4

Assume that I have a log transformed model as follows:

Model 1: $Y = a + b\ln(X)$. Interpretation: a 1% increase in $X$ is associated with an average $b/100$ units increase in $Y$.

If I add $1$ to $X$ to avoid having $0$ values and get:

Model 2: $Y = c + d\ln(X+1)$

Should I interpret the model as "a 1% increase in $(X+1)$ is associated with an average $d/100$ units increase in $Y$?" Or there are some better ways to interpret the model? Thanks.

Guess Gucci
  • 515
  • 6
  • 12

2 Answers2

2

You could, but it's not a very intuitive thing. If $x$ is 0.01, then a 1% increase in $(1+x)$ is basically a doubling of $x$, while if $x$ is 100, it's close to a 1% increase in $x$.

Glen_b
  • 257,508
  • 32
  • 553
  • 939
1

The interpretation of the model should depend partly on the range of values of $x$ and on how it is to be applied.
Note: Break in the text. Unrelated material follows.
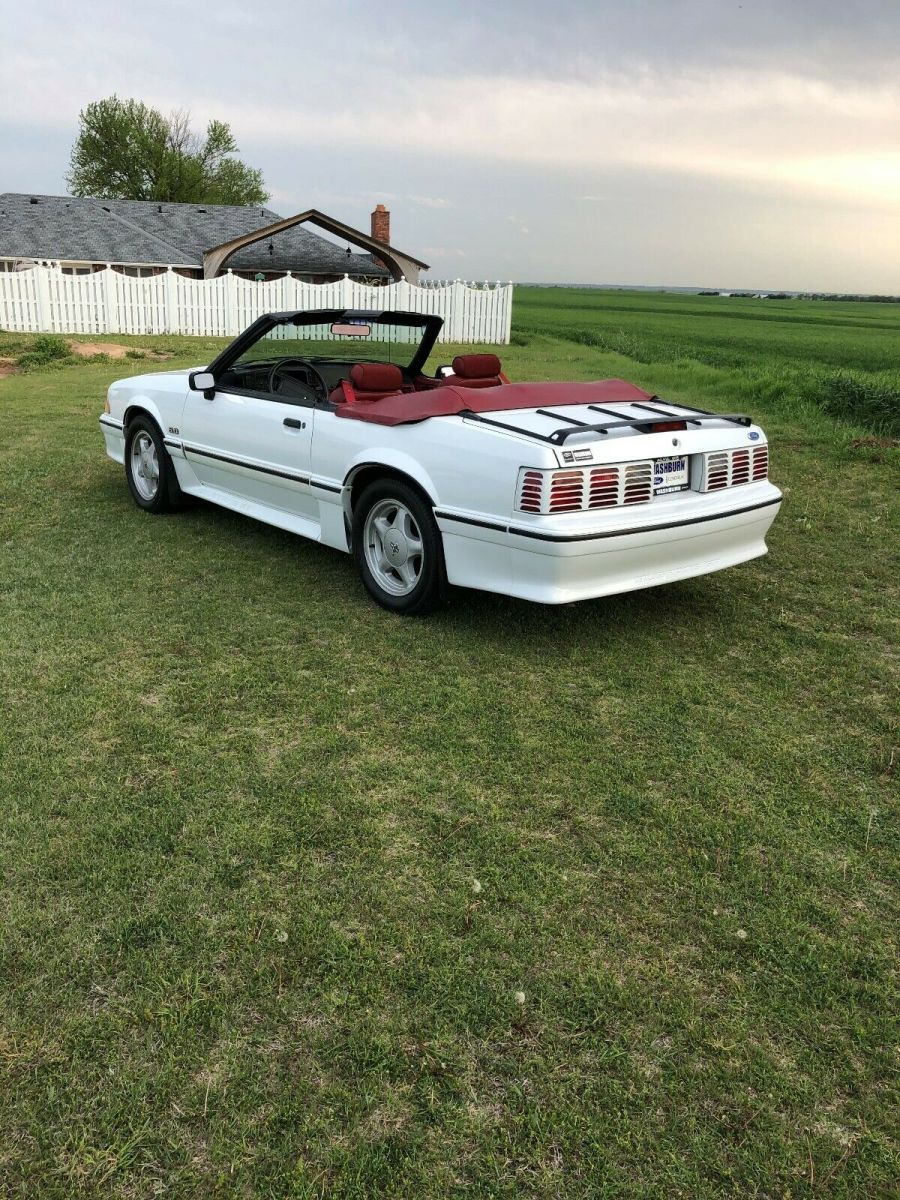 1991 Ford Mustang Convertible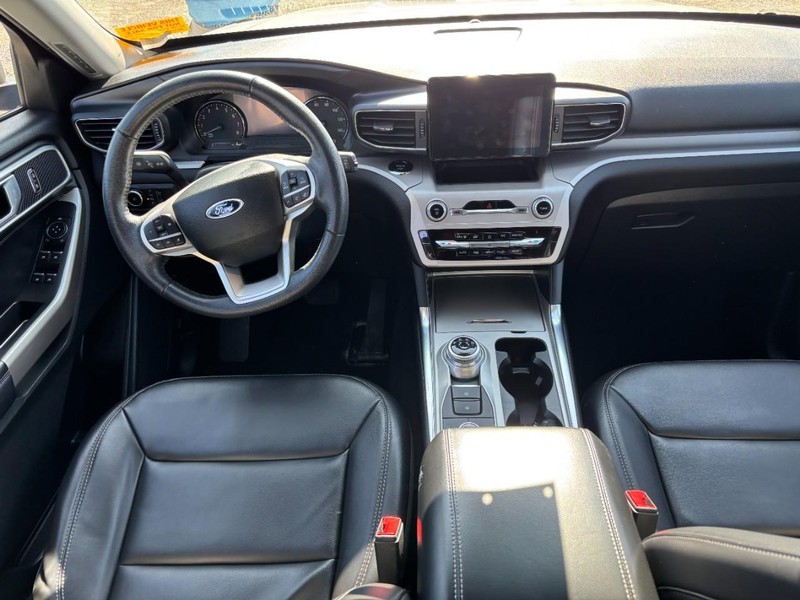 Ford Explorer Vehicle Full-screen Gallery Image 15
If most of the $x$ values are large, say more than 100, and if it is to be used to predict $y$ corresponding to such large values of $x$, then a good approximate interpretation would be: a 1% increase in $x$ is associated with an average $d/100$ units increase in $y$. For $x > 100$ the proportionate difference between $x+1$ and $x$ is small.

If however the model is to be used to predict $y$ corresponding to small values of $x$ then this approximation would be unhelpful and your interpretation would be more appropriate, although as Glen_b says it's not very intuitive.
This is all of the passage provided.